The truth is, we women learn pretty early on that there is definitely an expectation among guys that if a woman doesn’t want to sleep with them, eventually they will date someone who does. I know that in the past, I’ve felt some pressure (maybe self-imposed) to have sex by date 3…

Is there a magic number?

Personally, I’m not a big fan of these “games.” I pretty much know by the second date if I’m willing to continue seeing a guy, and I already know if I’m going to sleep with him. So once I know it’s in the cards and he’s someone I’m attracted to, both physically and mentally, why “hold out” and play a game? Some women say if you give it up too soon a guy won’t respect you, so a lot of women put off sex (when they really want it too) just to get a guy’s respect. My feeling on this is most guys don’t decide whether they respect a girl by whether or not she plays this game right (I find it sort of manipulative anyway in the sense that she’s strategically trying to get something from him by withholding something else). Guys don’t seem to think that way. I tend to think that’s a very female perspective that women project on to guys. Either a guy respects you, or he doesn’t. Plain and simple. And that seems to have no bearing on whether or not he wants to bang your brains out. I have guy friends whose girlfriends started as one night stands and they’re still together today…
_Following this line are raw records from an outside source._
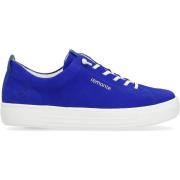 Lage Sneakers Remonte Sneaker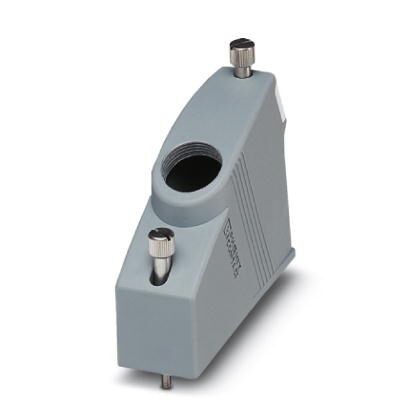 Сальниковый корпус VC-K-T3-R-M25-PLOMB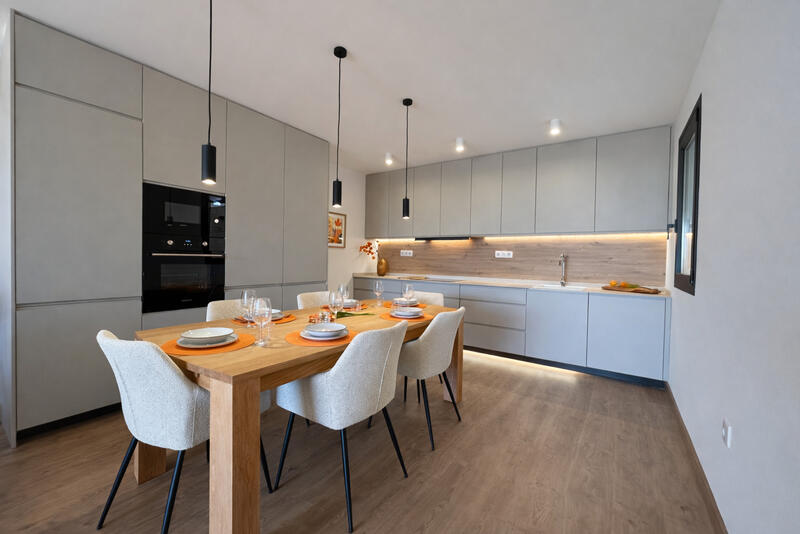 3 bedroom Townhouse for sale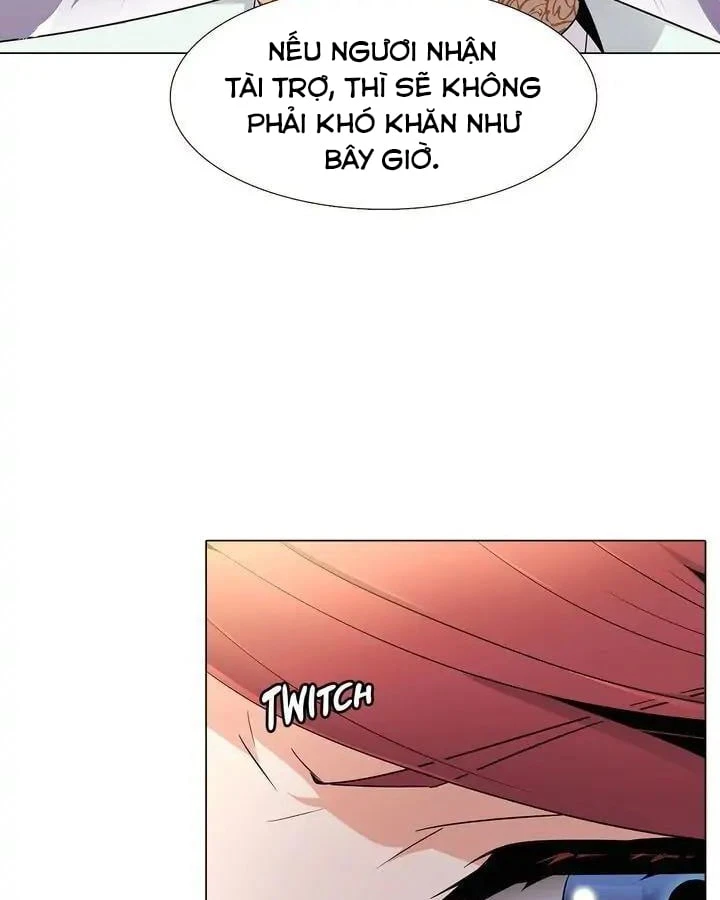 Nhân Vật Phản Diện Đã Phát Hiện Ra Danh Tính Của Tôi Chapter 12 - 35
For me, I decided a long time ago that I was just going to have sex when I realized that he was a guy I wanted to have sex with, and not try to second guess when was the right time in his mind. But I can’t say it didn’t cross my mind that a guy I like might dump me if I didn’t have sex by date 5… I think at some point, a guy will lose interest even if he likes a girl, because sex is a big part of a relationship in a lot of peoples minds. I know for myself that if a guy didn’t at least try to hook up with me by the fifth date, I would probably assume he didn’t like sex as much as I do (or is gay), and a love for sex is an interest I think we really need to share (at least in my relationships), so he’s probably not the one for me. -)

29 comments.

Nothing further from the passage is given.